Avec un petit cortège arrivant de République, les membres de la récente initiative citoyenne prirent position devant l’entrée de l’ESCP, y jetant alors près de 200 kilos de sable, de nombreuses liasses de faux billets et installant plusieurs transats sous le chaleureux soleil parisien. Quelques poubelles furent également utilisées pour bloquer les entrées adjacentes. Objectif de la manœuvre : dénoncer l’implication du Front National dans l’affaire des « Panama Papers ».

Après de longues minutes d’attente, la sentence tomba, parfaitement limpide : devant l’agitation régnant au 79 avenue de la République, Florian Philippot ne viendra pas, l’événement est annulé.
Chose peu banale lors d’un rendez-vous Tribunes, les médias étaient présents en nombre : Le Figaro, Le Point, BFM TV, I-Télé, Le Grand Journal.
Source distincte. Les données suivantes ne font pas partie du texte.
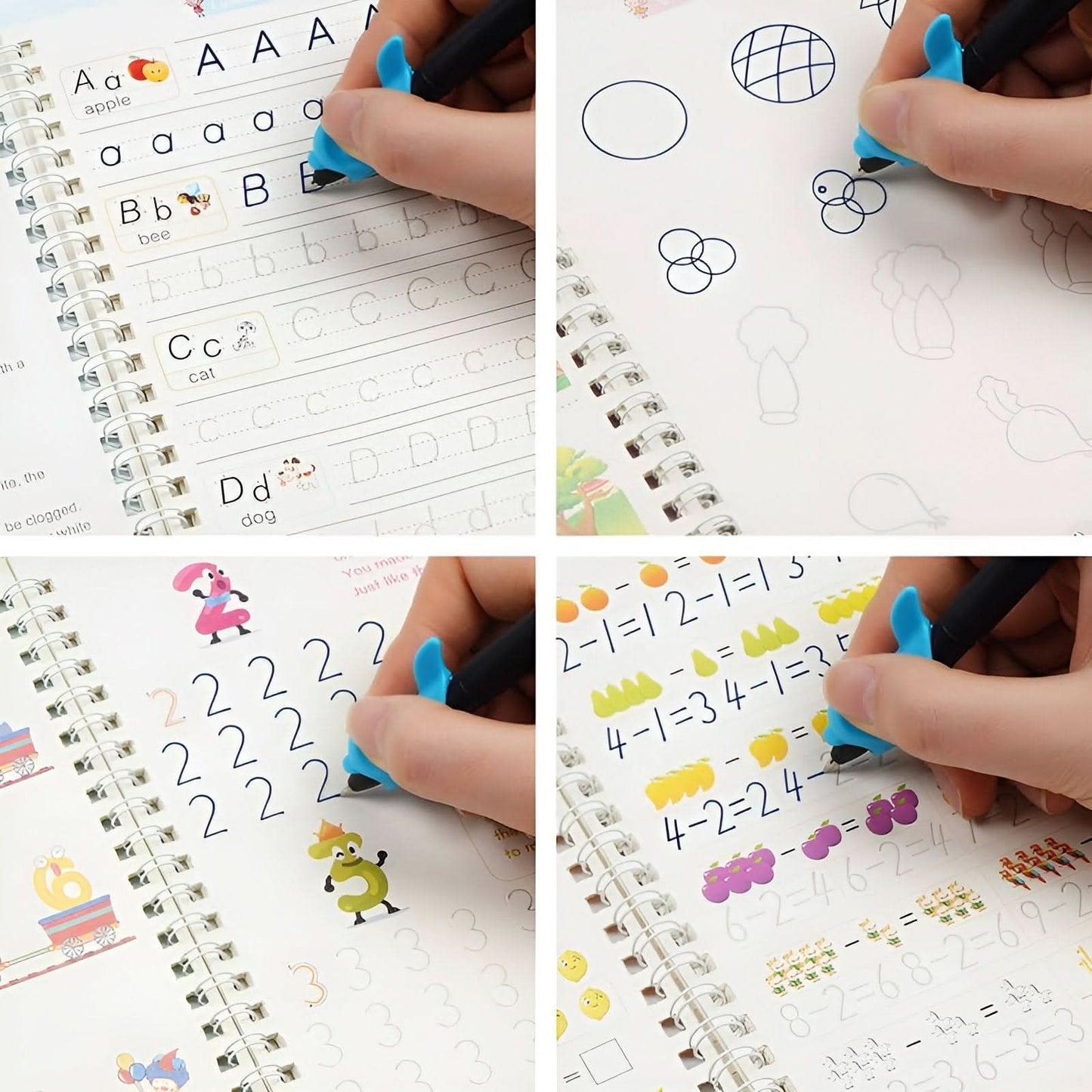 Reusable Tracing Workbook Set – Fun Learning with Letters, Numbers & Shapes!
Ils filmèrent d’abord l’opération coup de poing et s’attardèrent ensuite sur différents échanges liant des membres de Nuit Debout et des étudiants de l’école.
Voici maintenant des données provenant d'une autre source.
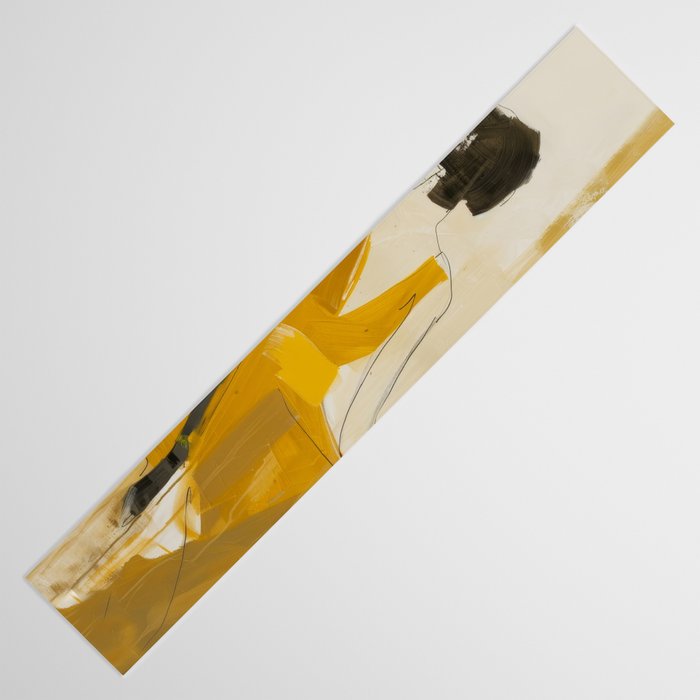 Modern Abstract Woman in Yellow Dress Table Runner Gallery Image 3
Le dialogue devint intéressant lorsque les différents protagonistes parvinrent à dépasser les artificiels et tristes clichés les séparant et à réfléchir ensemble, selon un prisme nouveau, né des précisions apportées par chacun et auparavant oubliées.
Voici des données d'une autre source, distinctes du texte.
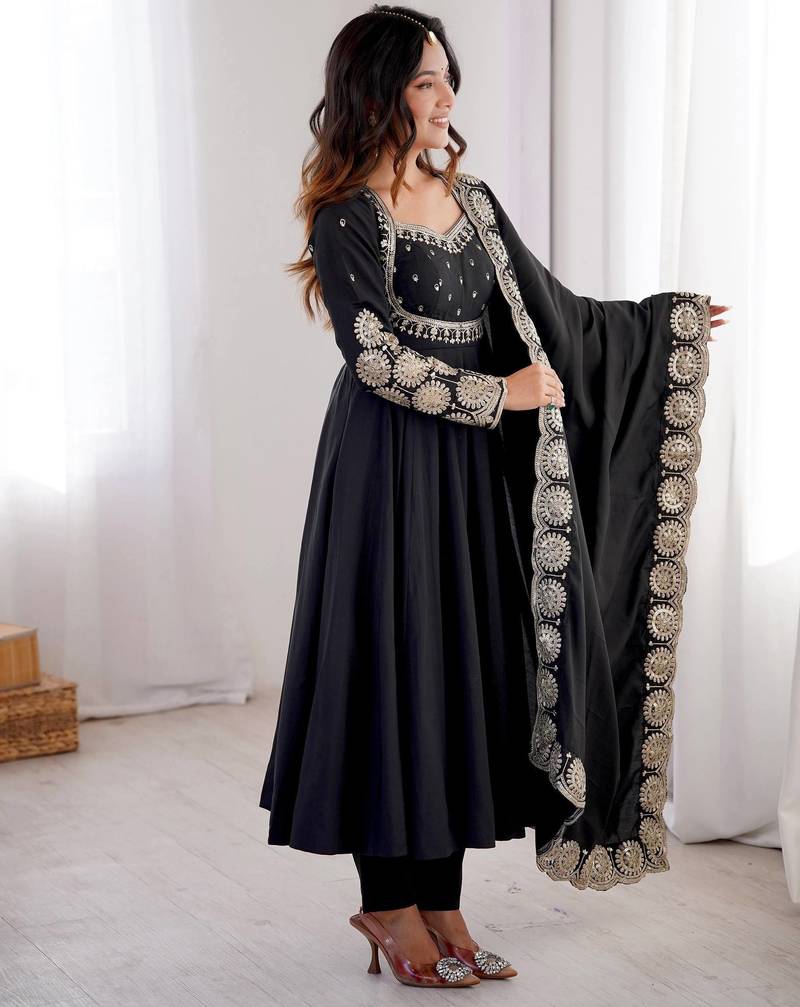 Black roman silk blend gown set with chanderi dupatta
Depuis plusieurs jours, nous avions œuvré afin de construire une argumentation et une dialectique diamétralement opposées à celles de Florian Philippot et de son parti, dans l’optique de mettre le dirigeant frontiste en face de ses contradictions. Quel était le nombre d’élèves au fait de la fonction occupée par son frère, Damien Philippot, actuel directeur des études politiques de l’Ifop ?

Nuit Debout prône le dialogue, incite à l’échange, rappelle la force des idées, refuse de voir la pensée unique effacer la riche mosaïque des visions variées. C’est pourtant son Némésis qu’elle venait de servir et reproduire au cœur du 11ème arrondissement.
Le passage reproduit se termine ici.